Door knocking (known as “doorbelling” in Washington state) goes like this. I drive to the outside of my list’s locations–called my “turf”–and I start walking and knocking. If I am lucky, 1 in 3 doors will open. For the others, I will leave a piece of literature on the welcome mat with a hand-written note.

The rhythm goes: find the next door; walk to the door; smile; knock; listen to hear if anyone is coming, other than the dog flipping out on the other side of the door; write “Sorry I missed you!” on the literature; knock again; listen again, making non-threatening eye-contact with the territorial dog; put the literature down on the mat (it’s a crime to put it in the mailbox); listen again; mark the person on the list as “Not home”; walk to sidewalk to find next door. If I am lucky and have extra time, I will go back by those the houses where no one answered and knock on the doors again. Someone who was not at home at 10am might be back by 2pm.

I have heard that to be considered viable by at least one state’s political party, a candidate for the legislature needs to knock at least 5,000 doors long before the primary.
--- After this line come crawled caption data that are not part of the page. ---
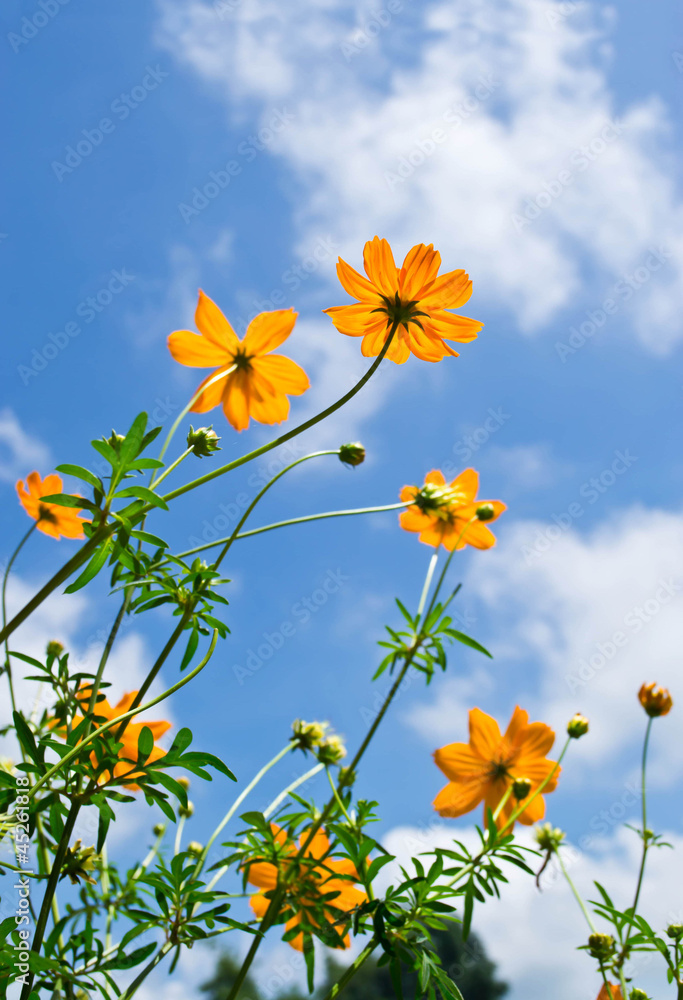 Flower background and sky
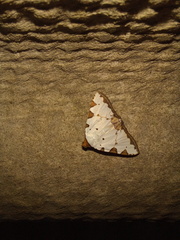 Eulepidotis testaceiceps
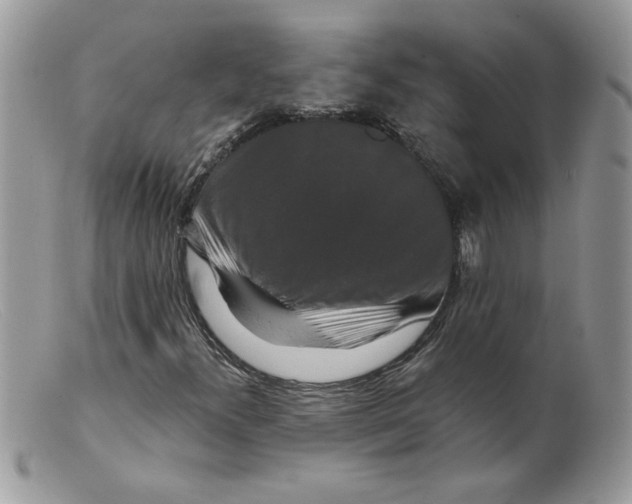 X0000098151300200805151155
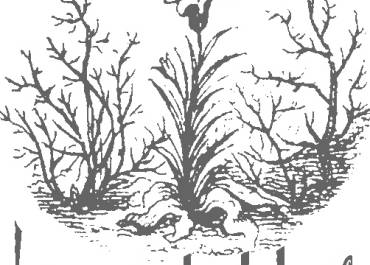 Les amis du dehors, amis du musée national de Port-Royal des Champs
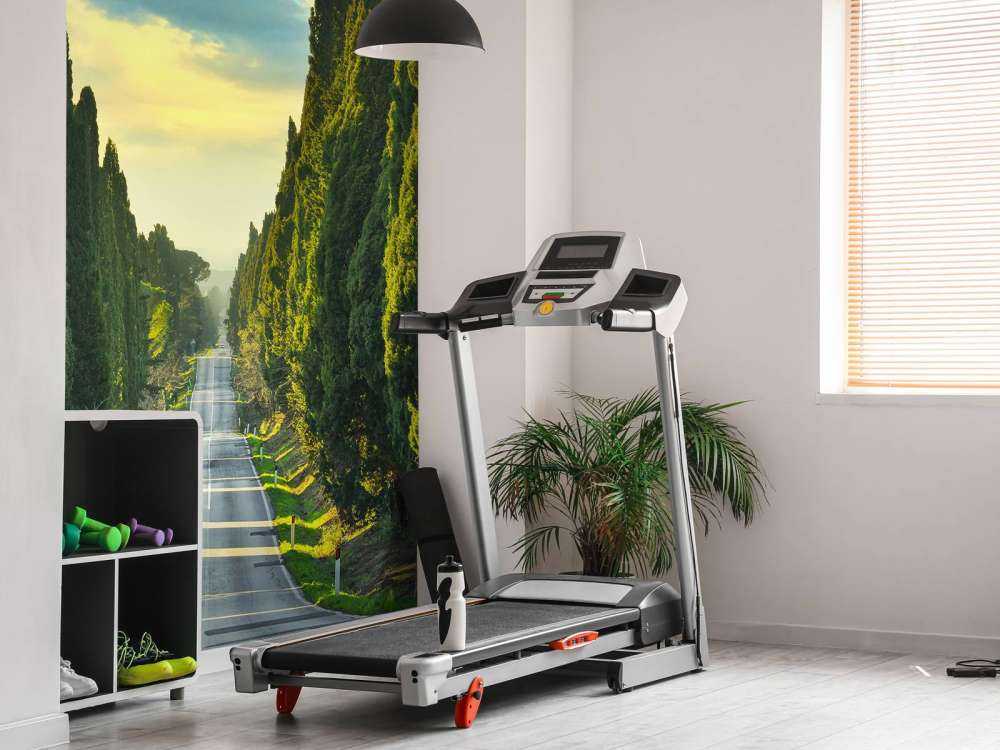 Vej med høje træer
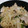 ずぼら母４６歳's cooksnap of when they made 切干大根と豚こまの炒め物.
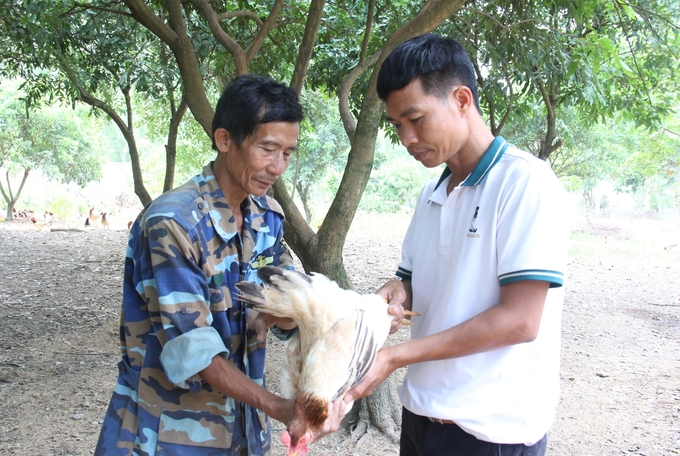 Theo ông Nguyễn Văn Tài (áo trắng), tổng đàn gà trên địa bàn còn rất lớn nên dịp Tết năm nay nguồn cung gà thịt và trứng dồi dào. Ảnh: Trung Quân.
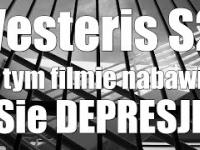 Vesteris S2 2 - Po tym filmie nabawisz się depresji * Oglądasz na własna odpowiedzialność *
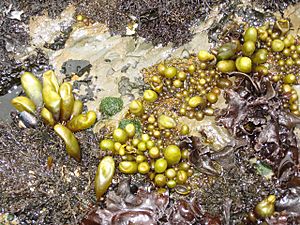 Sea grapes, Fitzgerald Marine Reserve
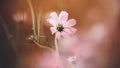 Pink beautiful flower of the cosmea with delicate petals blooms on an autumn day among dark grasses. Nature Royalty Free Stock Photo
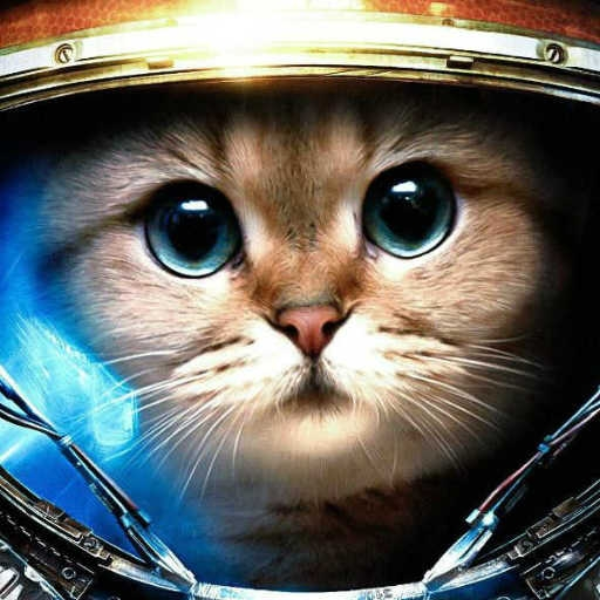 Track4 (Space Kitty's 1st Adventure)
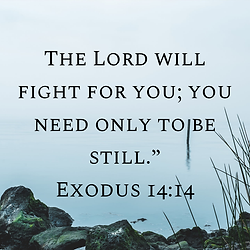 save-image - Copy (57).PNG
A candidate can knock about 20 doors an hour with about 3 minutes a house, so that is 2 and a half months of knocking doors three hours a day, to a total of 60 doors a day. Candidates who can reach 100 doors a day on a weekend can knock fewer during the week, but not by much. When I say 3 minutes a house, that might be 2 minutes for 2 houses that no one answers and then 5 minutes to talk to the person who answers the 3rd door. (Most people don’t want to talk to a stranger at their door for more than 5 minutes.)

Knocking doors can be tedious. It can be the cause of sunburns and twisted ankles and no small number of dog scares. A few weeks ago, I got bit all-over by some kind of mosquito and slightly concerned when I saw this:

Crime-scene themed birthday or birthday-themed crime scene? I had no way of knowing.
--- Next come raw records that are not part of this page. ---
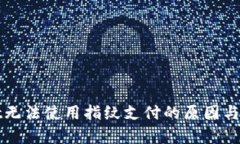 tpWallet无法使用指纹支付的
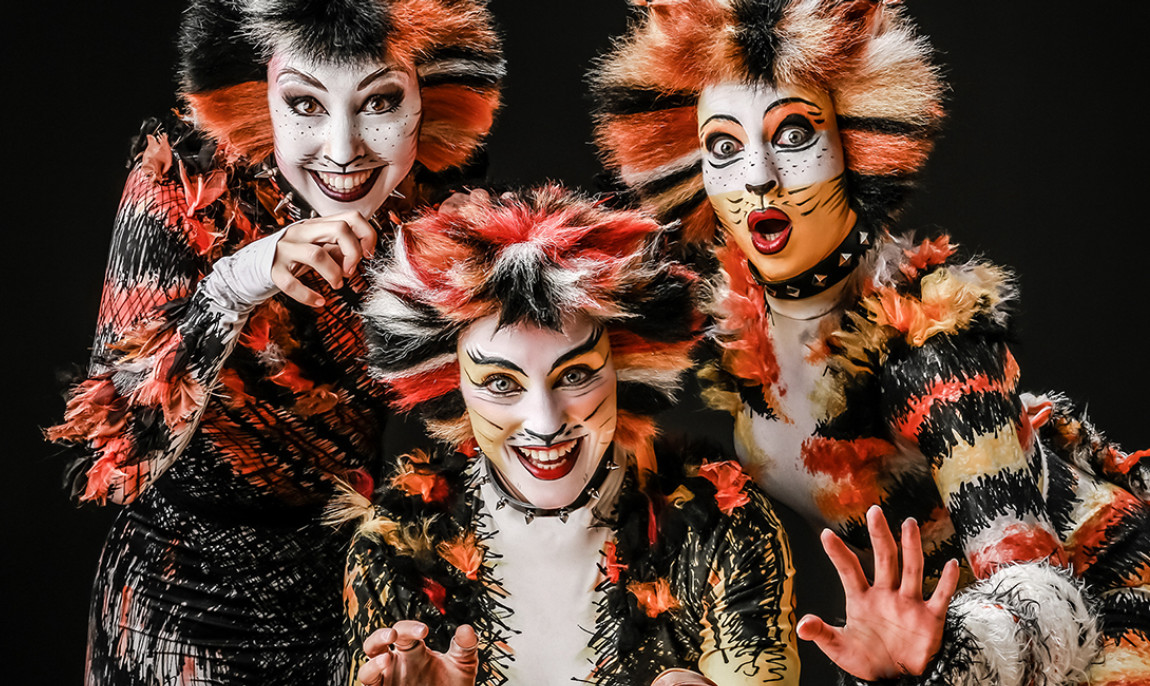 assets/images/activities/kluetz-musical-dinnershow/1280_0003_Werbung%20Cats%20DS%20Entertainment-1150x686x90.jpg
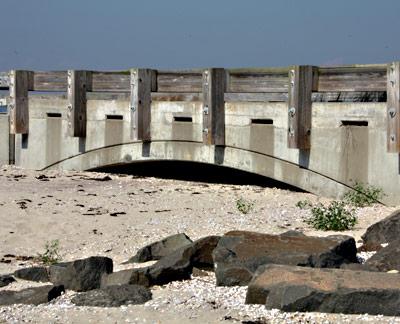 A culvert on Gerard Drive in Springs, built to increase tidal flushing of the north end of Accabonac Harbor, was not opened this year for the first time since its completion in 2006.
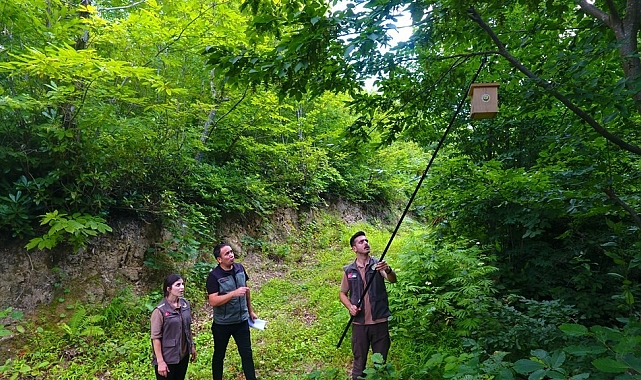 Artvin ormanlarında zararlı böceklere karşı kuşlar devrede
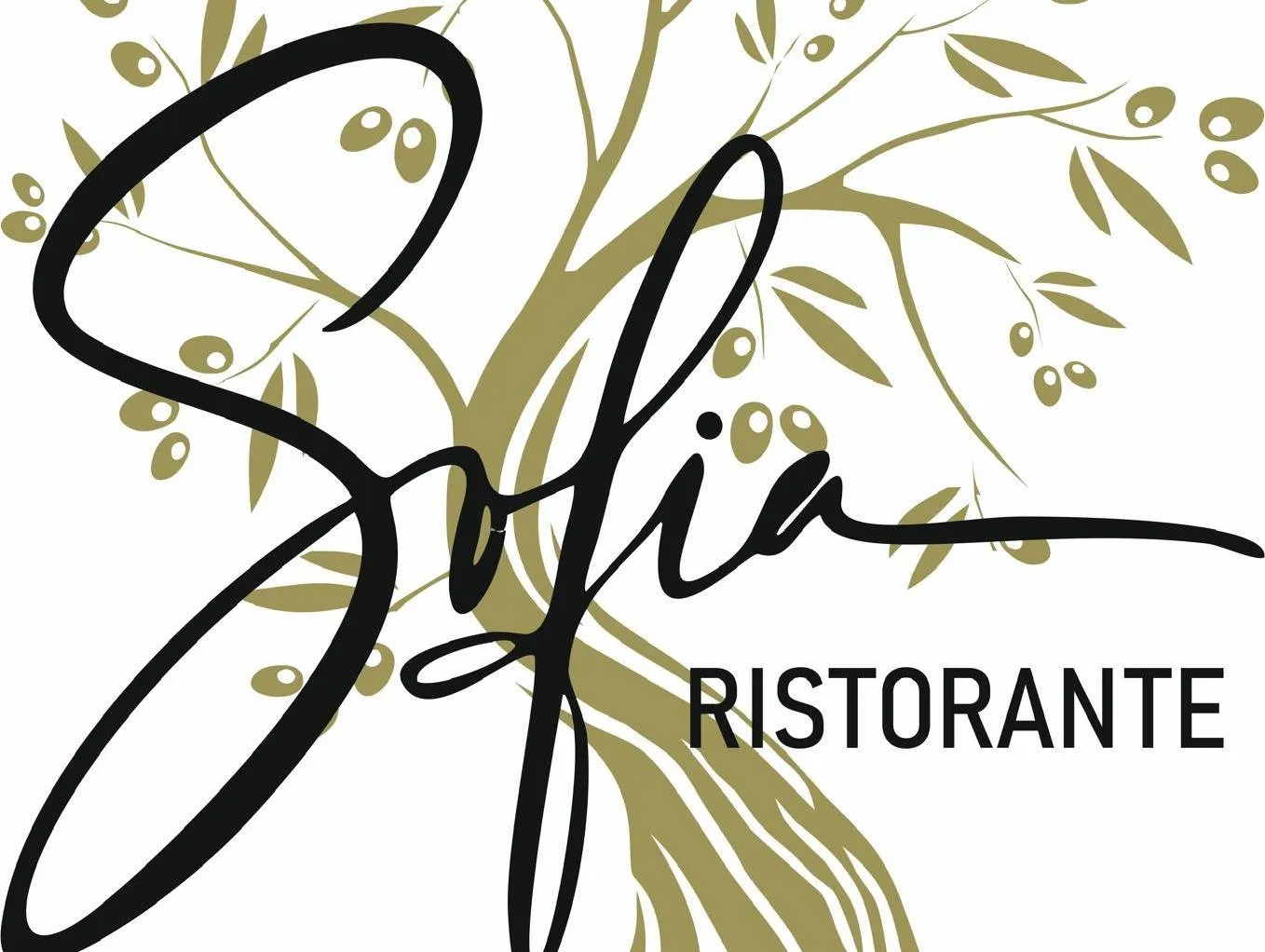 Sofiadef IMG-20250404-WA0000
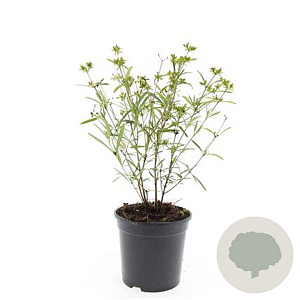 Hypericum kalmianum 'Gemo' GM C1.3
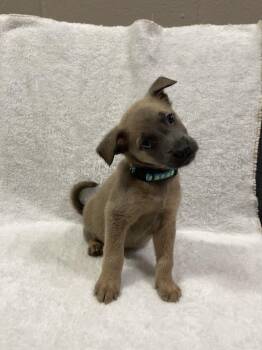 Hallowed Harvest - Jarrahdale - Located in Florida -  Belgian Shepherd Malinois Dog for Adoption in Imlay City, Michigan - Hallowed Harvest - Jarrahdale - Located In Florida | PetCurious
But imagine being a successful candidate who does that hard work, who spends 3 hours a day every day for 83 days talking to the people she wants to represent. Don’t think about whether it will help her get elected, though the research above says it will. Think instead about the stories her future constituents tell her, the gripes they share. Think about how she will personally feel about poorly-maintained sidewalks after walking to 5,000 houses. Think about the parks she takes a breather in, the school playgrounds she walks beside, the potholes that make cars squeal and bottom-out beside her as she walks.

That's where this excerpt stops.